For many American families, this is back to school season. While it’s exciting to be taking all those cute pictures of kids getting ready to start classes again, and restarting a structured schedule might be a welcome change after a summer of endless fun and free time, it also means that meal times can feel more hectic and frantic.
Kids and adults rush into the kitchen at the end of the day, famished and ready to eat, all asking at once the dreaded question, “What’s for supper?” Well, the answer can be simplified, and with some simple preparations and planning even be enjoyable. Meal times are inevitable, so there’s no use dreading them. These tips will help make them as pain-free as possible.
Rather than blindly staring into the fridge or pantry when supper is five minutes away, hoping that something leaps out at you, see if any of these tried and true suggestions are appealing, and pull together a family-friendly meal plan that will make you happy at the end of the day.
If there’s anything I love when I’m short on motivation at the end of the day, it’s my slow cooker. I know that insta-pots are all the rage right now, but the magic of a slow cooker is dumping things into it in the morning, when you’re not facing down hungry children and homework, and knowing that hot food will be waiting for you. It’s magic.
I really like this ridiculously easy General Tso’s crockpot recipe because I live in a town with no delivery. None! When I want Chinese, it’s takeout or make it at home. My kids will all happily eat this, and it’s beyond easy to adapt the vegetables to what’s in the freezer.
I also have a rice cooker with a timer, so I can preset the whole meal to be ready at supper. Fantastic! If you’d rather, the same website also offers a gluten-free home version of Panda Express’s Orange Chicken. It’s really, really good.
If you’re not always up for planning, quick meals can also be tasty and filling. Bonus here is that you can use leftover rice from the previous day!
Black bean burritos are a staple in my home. Beans and rice are a complete protein, and you can do these as spicy as your family likes. I make mine similar to this, but with corn tortillas. Think about adding cumin, green chiles, and Rotel. If you’ve made a massive amount of rice, turn the rest into rice pudding.
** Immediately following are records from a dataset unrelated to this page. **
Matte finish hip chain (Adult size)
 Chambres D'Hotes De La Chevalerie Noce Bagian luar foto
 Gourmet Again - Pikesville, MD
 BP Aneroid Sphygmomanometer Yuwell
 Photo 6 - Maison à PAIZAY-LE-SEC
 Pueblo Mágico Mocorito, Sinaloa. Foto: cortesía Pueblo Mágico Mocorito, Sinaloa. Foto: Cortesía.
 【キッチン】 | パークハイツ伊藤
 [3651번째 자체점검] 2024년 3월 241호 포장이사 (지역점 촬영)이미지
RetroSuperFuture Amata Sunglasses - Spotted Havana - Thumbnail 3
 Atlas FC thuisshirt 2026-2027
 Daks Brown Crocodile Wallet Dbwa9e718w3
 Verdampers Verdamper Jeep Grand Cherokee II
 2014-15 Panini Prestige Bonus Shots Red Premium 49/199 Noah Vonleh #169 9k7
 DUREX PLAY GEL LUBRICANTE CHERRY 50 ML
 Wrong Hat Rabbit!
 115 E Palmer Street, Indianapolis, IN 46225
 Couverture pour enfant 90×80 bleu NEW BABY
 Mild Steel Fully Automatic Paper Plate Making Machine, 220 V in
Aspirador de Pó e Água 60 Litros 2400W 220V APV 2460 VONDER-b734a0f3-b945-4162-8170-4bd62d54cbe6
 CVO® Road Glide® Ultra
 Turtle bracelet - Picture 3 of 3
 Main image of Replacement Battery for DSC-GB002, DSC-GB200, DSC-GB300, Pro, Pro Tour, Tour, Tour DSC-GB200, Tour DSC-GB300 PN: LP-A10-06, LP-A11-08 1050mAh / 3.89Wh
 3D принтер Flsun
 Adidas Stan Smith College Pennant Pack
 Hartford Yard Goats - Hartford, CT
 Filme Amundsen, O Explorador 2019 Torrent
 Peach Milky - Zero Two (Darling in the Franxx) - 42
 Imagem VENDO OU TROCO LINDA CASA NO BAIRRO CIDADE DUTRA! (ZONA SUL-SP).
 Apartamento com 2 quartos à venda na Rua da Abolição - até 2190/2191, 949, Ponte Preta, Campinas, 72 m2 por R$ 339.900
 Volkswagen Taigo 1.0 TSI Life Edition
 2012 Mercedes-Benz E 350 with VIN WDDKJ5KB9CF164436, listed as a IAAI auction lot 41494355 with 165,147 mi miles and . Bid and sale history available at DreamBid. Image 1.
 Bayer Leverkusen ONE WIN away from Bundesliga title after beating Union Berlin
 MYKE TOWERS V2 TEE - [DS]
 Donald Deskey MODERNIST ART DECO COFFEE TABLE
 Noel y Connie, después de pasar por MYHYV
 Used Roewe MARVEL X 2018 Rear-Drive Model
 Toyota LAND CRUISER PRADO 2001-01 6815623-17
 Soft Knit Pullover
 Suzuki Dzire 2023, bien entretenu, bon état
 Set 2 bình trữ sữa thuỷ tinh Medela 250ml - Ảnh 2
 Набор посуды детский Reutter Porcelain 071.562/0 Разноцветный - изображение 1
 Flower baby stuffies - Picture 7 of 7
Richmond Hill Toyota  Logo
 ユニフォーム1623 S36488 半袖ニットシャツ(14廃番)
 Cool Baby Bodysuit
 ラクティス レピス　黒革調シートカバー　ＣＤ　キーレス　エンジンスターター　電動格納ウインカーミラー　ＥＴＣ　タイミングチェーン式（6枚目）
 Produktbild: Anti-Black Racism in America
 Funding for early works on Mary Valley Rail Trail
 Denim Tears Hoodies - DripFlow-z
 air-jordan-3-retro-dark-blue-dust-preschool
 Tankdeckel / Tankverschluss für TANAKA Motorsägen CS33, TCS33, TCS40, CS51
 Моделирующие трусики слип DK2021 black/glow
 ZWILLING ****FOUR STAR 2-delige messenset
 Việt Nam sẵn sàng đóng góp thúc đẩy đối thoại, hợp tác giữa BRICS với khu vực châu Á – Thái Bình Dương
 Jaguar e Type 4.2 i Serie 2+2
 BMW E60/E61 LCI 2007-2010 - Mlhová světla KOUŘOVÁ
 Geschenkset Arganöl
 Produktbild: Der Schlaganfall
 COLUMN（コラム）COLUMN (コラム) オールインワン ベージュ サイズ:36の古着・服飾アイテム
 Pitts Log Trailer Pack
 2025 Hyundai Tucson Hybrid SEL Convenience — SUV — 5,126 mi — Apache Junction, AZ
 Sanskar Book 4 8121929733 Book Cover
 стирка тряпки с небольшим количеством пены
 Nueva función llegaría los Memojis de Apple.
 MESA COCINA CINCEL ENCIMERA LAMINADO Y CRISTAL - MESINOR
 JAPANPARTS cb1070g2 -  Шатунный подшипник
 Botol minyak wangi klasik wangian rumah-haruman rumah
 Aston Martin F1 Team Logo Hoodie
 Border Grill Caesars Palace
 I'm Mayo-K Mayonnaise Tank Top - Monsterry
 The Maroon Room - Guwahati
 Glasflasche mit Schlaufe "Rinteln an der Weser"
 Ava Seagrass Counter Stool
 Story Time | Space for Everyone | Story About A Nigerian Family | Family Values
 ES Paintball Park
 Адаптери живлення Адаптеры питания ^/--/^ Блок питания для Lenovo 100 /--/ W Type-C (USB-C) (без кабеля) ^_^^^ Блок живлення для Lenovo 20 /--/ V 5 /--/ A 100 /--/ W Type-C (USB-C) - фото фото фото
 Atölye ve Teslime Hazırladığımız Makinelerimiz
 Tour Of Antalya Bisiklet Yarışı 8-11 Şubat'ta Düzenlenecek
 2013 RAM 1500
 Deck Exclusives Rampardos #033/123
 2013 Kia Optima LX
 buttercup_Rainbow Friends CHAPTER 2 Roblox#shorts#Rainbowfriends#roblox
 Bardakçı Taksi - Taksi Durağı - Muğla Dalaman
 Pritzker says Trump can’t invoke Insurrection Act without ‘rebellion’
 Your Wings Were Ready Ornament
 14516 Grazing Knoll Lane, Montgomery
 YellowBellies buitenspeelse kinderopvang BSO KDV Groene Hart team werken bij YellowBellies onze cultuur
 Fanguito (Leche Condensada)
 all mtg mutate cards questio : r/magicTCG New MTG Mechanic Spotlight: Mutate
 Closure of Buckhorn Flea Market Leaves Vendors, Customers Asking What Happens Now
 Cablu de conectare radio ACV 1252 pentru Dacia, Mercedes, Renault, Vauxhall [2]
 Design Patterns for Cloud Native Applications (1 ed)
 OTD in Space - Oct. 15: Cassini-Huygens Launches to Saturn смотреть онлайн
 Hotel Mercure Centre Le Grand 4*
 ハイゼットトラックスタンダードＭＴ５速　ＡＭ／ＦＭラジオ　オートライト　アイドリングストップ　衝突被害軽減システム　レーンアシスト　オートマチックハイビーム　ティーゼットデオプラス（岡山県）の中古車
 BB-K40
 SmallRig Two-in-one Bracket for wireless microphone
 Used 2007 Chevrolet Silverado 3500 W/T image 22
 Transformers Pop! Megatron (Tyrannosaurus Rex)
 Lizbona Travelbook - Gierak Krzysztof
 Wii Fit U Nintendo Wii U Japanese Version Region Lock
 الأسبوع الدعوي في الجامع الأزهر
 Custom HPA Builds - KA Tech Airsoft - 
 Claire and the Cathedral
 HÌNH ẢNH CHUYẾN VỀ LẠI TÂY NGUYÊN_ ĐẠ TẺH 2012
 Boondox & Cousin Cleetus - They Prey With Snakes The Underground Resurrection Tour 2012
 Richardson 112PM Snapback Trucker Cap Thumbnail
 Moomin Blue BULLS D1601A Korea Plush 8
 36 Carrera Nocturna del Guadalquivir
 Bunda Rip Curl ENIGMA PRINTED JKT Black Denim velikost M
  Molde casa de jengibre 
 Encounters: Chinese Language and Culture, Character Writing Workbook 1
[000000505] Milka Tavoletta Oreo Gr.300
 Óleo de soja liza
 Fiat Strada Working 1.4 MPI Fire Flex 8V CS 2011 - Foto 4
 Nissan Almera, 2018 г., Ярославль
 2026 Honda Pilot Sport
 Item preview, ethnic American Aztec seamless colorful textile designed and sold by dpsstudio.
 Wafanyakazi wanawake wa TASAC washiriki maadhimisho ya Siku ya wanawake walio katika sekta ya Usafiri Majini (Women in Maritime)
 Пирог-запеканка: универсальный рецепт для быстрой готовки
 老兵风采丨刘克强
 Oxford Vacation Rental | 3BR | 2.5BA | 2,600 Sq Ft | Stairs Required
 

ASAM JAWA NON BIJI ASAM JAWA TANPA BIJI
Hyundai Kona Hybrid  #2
Sometimes a burger is just satisfying, right? I prefer black bean patties to beef ones, typically, but the meat eaters in my family would be sad if we never ate red meat. Pair with oven-roasted veggies, or fries, or both. My kids like anything roasted in the oven with some salt and pepper, especially if there’s dip involved.
Here’s a yummy black bean burgers recipe. A wise mother I know once explained that burgers play an important part in her meal plan, because they’re simple and adaptable. It’s true. You can top them with anything, and different tastes can make them work. If you’re on the low-carb trend, you can even make them as a cheeseburger salad!
Breakfast for supper will never stop being wonderful, because breakfast foods are some of the best foods. Pancakes, crepes, quiches, and frittatas, and the whole wide world of breakfast meats. If you’re not a morning person—and I’m notoriously not—you might not want to make this all in the morning. Embrace the muffins and bacon at night, instead.
Let the kids have oatmeal or cereal for breakfast and leave the more intensive cooking for nighttime. You’ll be happier, and so will they. Try this Six-Ingredient Sausage Potato Pie, or Bell-Pepper Egg in a Hole with delicious blueberry whole-grain muffins.
Look at you, here at the end of the work and school week. You’ve been feeding yourself and these little people, and it’s almost the weekend! Celebration time. You know what that means, right? Pizza. It means pizza.
If you like making homemade pizza, surrounded by adoring little faces who want to add toppings with you, do that. Here’s a good recipe for the easiest homemade pizza ever. If you’re more of a frozen pizza family, there’s no judgement here.
There’s no reason meal planning needs to be intimidating, and sometimes just sticking with a simple framework makes things happen. Every Monday do a chicken dish, Tuesday do Mexican food (or Italian, etc.), Wednesday is grill night, Thursday is breakfast for dinner, and Fridays are pizza. Add soup and salad for Saturday night, and Sundays are leftovers.
Pick types of foods your family likes, assign those foods to a day, and then explore options within those genres. Here’s another Federalist article all about distilling your meals into a simple, workable plan to fill out the rest of your school year.
May your suppers be simple and filling, and filled with minimal complaints!